France 1944: The Allied Crusade in Europe is a World War II board wargame published by Victory Games in 1986 that simulates the combat in France and Germany following the breakout of Allied armies from Normandy following D-Day.

==Background==
Following the Allied invasion of Normandy beaches on D-Day, German forces managed to bottle up the Allied advance out of the beachhead, using adept defenses and the bocage hedges of Norman farms to blunt Allied attacks. But in August, a British/Canadian attack and a simultaneous American attack caught the Germans in a pincer. Remaining German forces fled across France back to Germany as the Allies, with lengthening supply line issues, attempted to follow closely.

==Description==
France 1944 is a board wargame for 2 players, where one player controls Allied forces, while the other controls German forces. It is not complex game — Vae Victis rated its complexity as only 2 on a scale of 5 — and is not a large game either, only having 130 counters, a 20-page rulebook and a single 80 x 54 cm hex grid map scaled at 30 km per hex.

===Gameplay===
At the start of each turn, players purchase initiative counters (a maximum of 5 for the Allied player and 3 for the German player) using a limited number of Supply Points. The initiative counters for each player are put into a cup along with an Administrative Phase (AP) counter, and then a counter is pulled from the cup at random. The player whose counter is drawn can activate an HQ counter. The HQ counter indicates how many infantry and armored units it can command to move and attack, as well as its range of effect. Once the player is finished, another initiative counter is drawn from the cup. This cycle continues until all counters have been drawn. This marks the end of the game turn, which represents a month of time. The game ends after nine turns.

If the AP marker is drawn, both players can move reinforcements and replacements onto the map.

===Victory conditions===
The Allied player wins by capturing key towns in France as well as in Germany. The German player wins by preventing this.

==Publication history==
After TSR suddenly took over Simulations Publications Inc. (SPI) in 1983, many of SPI's game designers left the company and joined Avalon Hill, which formed a special division, Victory Games, just for them. One of those designers, Mark Herman, created France 1944, which was published in 1986 with artwork by Ted Koller and James Talbot.

Herman brought out a revised "Designer Signature" edition, published by Compass Games in 2020. A linked Eastern Front game called "Russia 1944" has been promised.

==Reception==
In Issue 39 of the French games magazine Casus Belli, Yves Jourdain was excited by this game, writing, "This isn't a wargame — it's a game of ping-pong! The game is incredibly fast-paced; actions and reactions follow one another at a breakneck speed, thanks to an extremely fluid game sequence." Jourdain agreed that the game was unbalanced in favor of the Allies, noting, "The German player will struggle to avoid — at the very least — a marginal Allied victory.
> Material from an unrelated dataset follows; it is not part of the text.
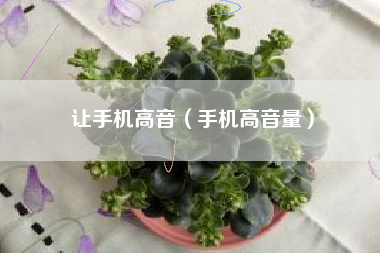 让手机高音（手机高音量）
An unbalanced game, you ask? Yes, of course; since that imbalance existed in reality, it was bound to be faithfully reflected in the simulation." Jourdain concluded, "It's beautifully designed and visually appealing, doesn't take up much space, and offers a fast, smooth gameplay experience. Bravo, we want more."

In Issue 41 of the French wargame magazine Vae Victis (September–October 2001), Jean-Philippe Liardet and Théophile Monnier compared World War II wargames that covered the war in France in 1944, and despite the fact that France 1944 was 15 years old, called it "The best game at this scale, despite its dated graphics." The pair noted, "The most entertaining rule involves players purchasing activation counters using their supply points; these are then drawn at random to determine who gets to act." Liardet and Monnier concluded by giving the game a rating of 4 out of 5.